Les « obligations vertes » pourraient contribuer au financement de la transition énergétique mondiale, à condition de faire le ménage

Les estimations actuelles des besoins en capital pour décarboner l’économie mondiale et atteindre des émissions nettes nulles d’ici 2050 sont encore très imprécises. Elles représentent néanmoins des montants astronomiques. Ceux-ci s’échelonnent entre 1 000 milliards de dollars par an pour le groupe de réflexion Carbon Tracker et 9 200 milliards pour le cabinet McKinsey. De son côté, le Boston Consulting Group évaluait en 2020 que les besoins cumulés d’ici 2050 se situaient entre 100 000 et 150 000 milliards de dollars. Une étude de Bloomberg New Energy Finance datée du 6 octobre 2022 estime qu’il sera nécessaire d’investir 114 000 milliards de dollars dans le système énergétique mondial d’ici 2050 pour limiter l’augmentation de la température planétaire à 1,5 °C.

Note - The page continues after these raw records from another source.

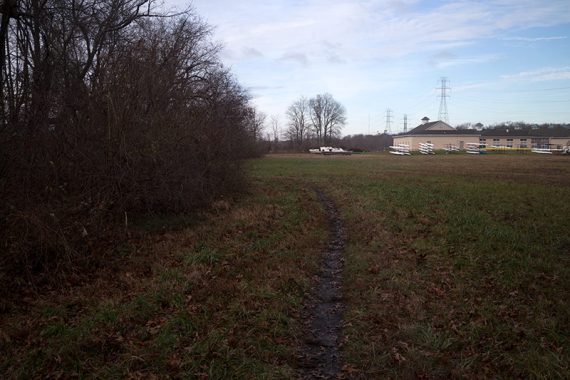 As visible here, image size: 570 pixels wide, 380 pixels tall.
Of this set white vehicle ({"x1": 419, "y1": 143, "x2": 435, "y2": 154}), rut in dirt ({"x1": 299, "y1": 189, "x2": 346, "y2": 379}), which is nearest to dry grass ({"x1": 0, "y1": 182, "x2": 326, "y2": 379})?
rut in dirt ({"x1": 299, "y1": 189, "x2": 346, "y2": 379})

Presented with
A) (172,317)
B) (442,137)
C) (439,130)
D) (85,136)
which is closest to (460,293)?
(172,317)

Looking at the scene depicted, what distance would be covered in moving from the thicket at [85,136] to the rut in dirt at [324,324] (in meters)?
4.54

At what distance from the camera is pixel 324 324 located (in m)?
6.42

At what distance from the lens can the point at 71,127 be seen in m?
9.35

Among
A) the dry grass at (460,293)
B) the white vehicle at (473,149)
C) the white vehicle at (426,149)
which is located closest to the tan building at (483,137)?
the white vehicle at (473,149)

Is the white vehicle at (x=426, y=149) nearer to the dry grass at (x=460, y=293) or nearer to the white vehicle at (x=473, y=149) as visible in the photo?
the white vehicle at (x=473, y=149)

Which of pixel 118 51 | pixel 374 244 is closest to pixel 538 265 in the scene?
pixel 374 244

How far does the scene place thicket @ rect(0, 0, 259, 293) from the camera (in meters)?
7.43

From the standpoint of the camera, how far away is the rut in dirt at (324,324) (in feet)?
16.9

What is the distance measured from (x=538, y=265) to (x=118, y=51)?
11.4m

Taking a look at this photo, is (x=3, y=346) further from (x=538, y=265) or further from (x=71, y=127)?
(x=538, y=265)

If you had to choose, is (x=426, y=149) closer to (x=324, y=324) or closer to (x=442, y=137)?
(x=442, y=137)

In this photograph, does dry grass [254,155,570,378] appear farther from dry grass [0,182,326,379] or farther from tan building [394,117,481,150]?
tan building [394,117,481,150]

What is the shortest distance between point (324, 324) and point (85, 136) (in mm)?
6886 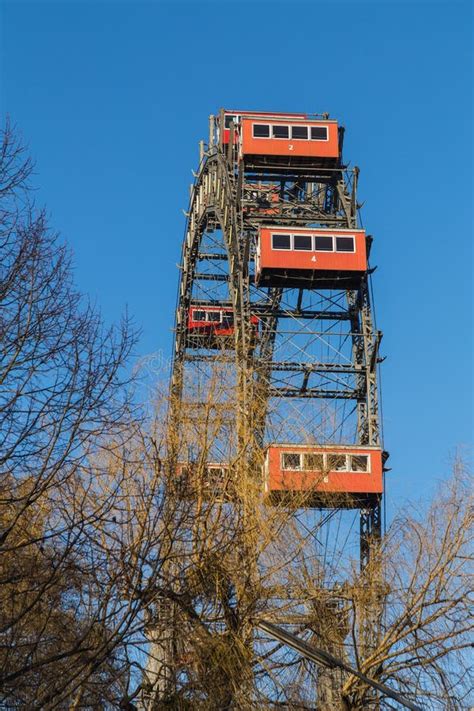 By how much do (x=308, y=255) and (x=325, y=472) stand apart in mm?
16640

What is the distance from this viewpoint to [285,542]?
60.6 feet

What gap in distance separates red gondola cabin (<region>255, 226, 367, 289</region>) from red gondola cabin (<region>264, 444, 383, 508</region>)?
22.0 ft

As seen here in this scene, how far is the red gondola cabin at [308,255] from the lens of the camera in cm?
3625

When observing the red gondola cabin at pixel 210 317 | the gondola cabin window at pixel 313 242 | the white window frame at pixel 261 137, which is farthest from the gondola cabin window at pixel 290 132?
the red gondola cabin at pixel 210 317

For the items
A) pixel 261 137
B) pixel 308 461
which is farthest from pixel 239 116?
pixel 308 461

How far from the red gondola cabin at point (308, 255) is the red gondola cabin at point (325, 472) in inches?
264

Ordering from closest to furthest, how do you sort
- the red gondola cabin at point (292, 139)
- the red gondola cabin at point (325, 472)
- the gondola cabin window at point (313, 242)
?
the red gondola cabin at point (325, 472), the gondola cabin window at point (313, 242), the red gondola cabin at point (292, 139)

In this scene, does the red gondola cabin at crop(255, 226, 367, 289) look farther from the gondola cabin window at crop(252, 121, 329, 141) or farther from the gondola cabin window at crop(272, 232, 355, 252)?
the gondola cabin window at crop(252, 121, 329, 141)

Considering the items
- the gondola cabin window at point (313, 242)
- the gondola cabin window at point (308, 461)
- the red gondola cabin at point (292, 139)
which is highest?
the red gondola cabin at point (292, 139)

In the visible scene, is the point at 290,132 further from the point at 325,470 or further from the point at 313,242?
the point at 325,470

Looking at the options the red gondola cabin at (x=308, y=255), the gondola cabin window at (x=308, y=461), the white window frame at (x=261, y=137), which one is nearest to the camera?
the gondola cabin window at (x=308, y=461)

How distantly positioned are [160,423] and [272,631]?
461 centimetres

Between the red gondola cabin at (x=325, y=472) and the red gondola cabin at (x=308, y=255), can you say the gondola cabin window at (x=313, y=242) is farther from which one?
the red gondola cabin at (x=325, y=472)

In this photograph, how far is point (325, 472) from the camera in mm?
20766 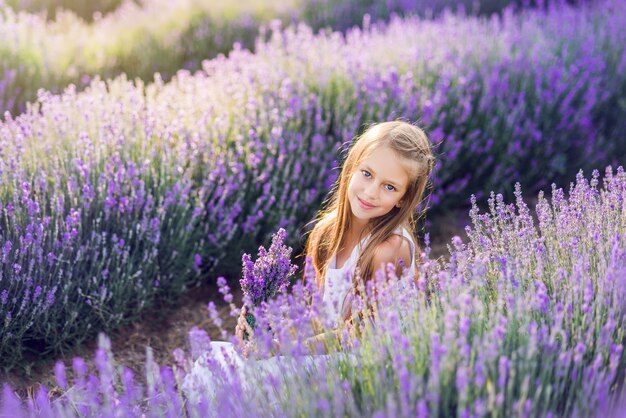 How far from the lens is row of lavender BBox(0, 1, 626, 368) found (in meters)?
3.11

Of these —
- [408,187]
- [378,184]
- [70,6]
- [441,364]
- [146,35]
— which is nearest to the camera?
[441,364]

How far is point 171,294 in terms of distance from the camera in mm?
3705

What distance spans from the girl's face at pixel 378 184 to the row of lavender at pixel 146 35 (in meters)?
3.31

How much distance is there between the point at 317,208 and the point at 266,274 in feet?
5.85

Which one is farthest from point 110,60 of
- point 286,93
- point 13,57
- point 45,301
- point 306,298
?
point 306,298

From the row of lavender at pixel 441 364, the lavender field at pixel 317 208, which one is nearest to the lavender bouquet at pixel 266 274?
the lavender field at pixel 317 208

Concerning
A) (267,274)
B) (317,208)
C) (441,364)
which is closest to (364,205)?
(267,274)

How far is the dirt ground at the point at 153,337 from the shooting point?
3.03 m

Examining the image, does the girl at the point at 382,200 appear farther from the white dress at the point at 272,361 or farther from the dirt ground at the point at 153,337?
the dirt ground at the point at 153,337

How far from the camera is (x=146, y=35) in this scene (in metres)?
6.89

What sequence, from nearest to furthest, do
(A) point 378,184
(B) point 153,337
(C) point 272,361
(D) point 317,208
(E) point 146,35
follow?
(C) point 272,361 → (A) point 378,184 → (B) point 153,337 → (D) point 317,208 → (E) point 146,35

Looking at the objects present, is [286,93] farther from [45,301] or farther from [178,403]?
[178,403]

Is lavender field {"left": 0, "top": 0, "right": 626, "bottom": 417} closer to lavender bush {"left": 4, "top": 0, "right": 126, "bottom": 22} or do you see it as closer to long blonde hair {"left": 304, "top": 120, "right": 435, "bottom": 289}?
long blonde hair {"left": 304, "top": 120, "right": 435, "bottom": 289}

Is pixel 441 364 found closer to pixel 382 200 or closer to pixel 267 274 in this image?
pixel 267 274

Comment réunir des capitaux aussi importants ? Les « obligations vertes » peuvent être une solution. Le 19 octobre 2022, John Howell de la revue américaine Climate & Capital Media a partagé son point de vue sur l’évolution de ce produit financier. La première obligation verte a été émise en 2008 par la Banque européenne d’investissement et la Banque mondiale. Entre 2014 et 2016, le marché mondial s’est accéléré. À ce jour, la somme cumulée des obligations vertes émises atteint près de 2 000 milliards de dollars, selon la Climate Bonds Initiative. Dans une analyse publiée le 22 mai, Moody’s prévoit que le montant mondial des émissions d’obligations vertes, sociales, durables et liées à la durabilité (GSSS) totalisera 1 000 milliards de dollars en 2022. Un chiffre qui avoisine le bas de la fourchette des besoins estimés.

Mais John Howell recense trois problèmes qui assombrissent cette perspective encourageante. Tout d’abord, le terme « obligation verte » englobe désormais des instruments qui ne visent pas nécessairement les mêmes buts. Certains ont des objectifs purement climatiques, d’autres intègrent des dimensions environnementales différentes, voire une combinaison de projets verts et sociaux. Ensuite, les objectifs de « performance climatique » sont déterminés par les émetteurs. Or, les pénalités et les bonus appliqués au coût de l’emprunt sont directement rattachés à la performance. Une analyse de Bloomberg News sur plus de 100 obligations liées à la durabilité en Europe a révélé que « la majorité était liée à des objectifs climatiques faibles, non pertinents ou même déjà atteints ». Les sociétés émettrices ont donc bénéficié de financements moins chers sans faire de grands efforts. Enfin, le journaliste spécialisé souligne que les changements sont en général moindres qu’il n’y paraît et s’apparentent parfois à du greenwashing. Les objectifs sont souvent trop vagues et trop laxistes.

John Howell conclut sa réflexion en précisant que le marché des obligations vertes est encore très jeune. Mais, malgré l’importance des besoins et les limites qu’il a relevées, la promesse qu’il peut financer le changement économique mondial espéré apparaît comme un objectif réalisable.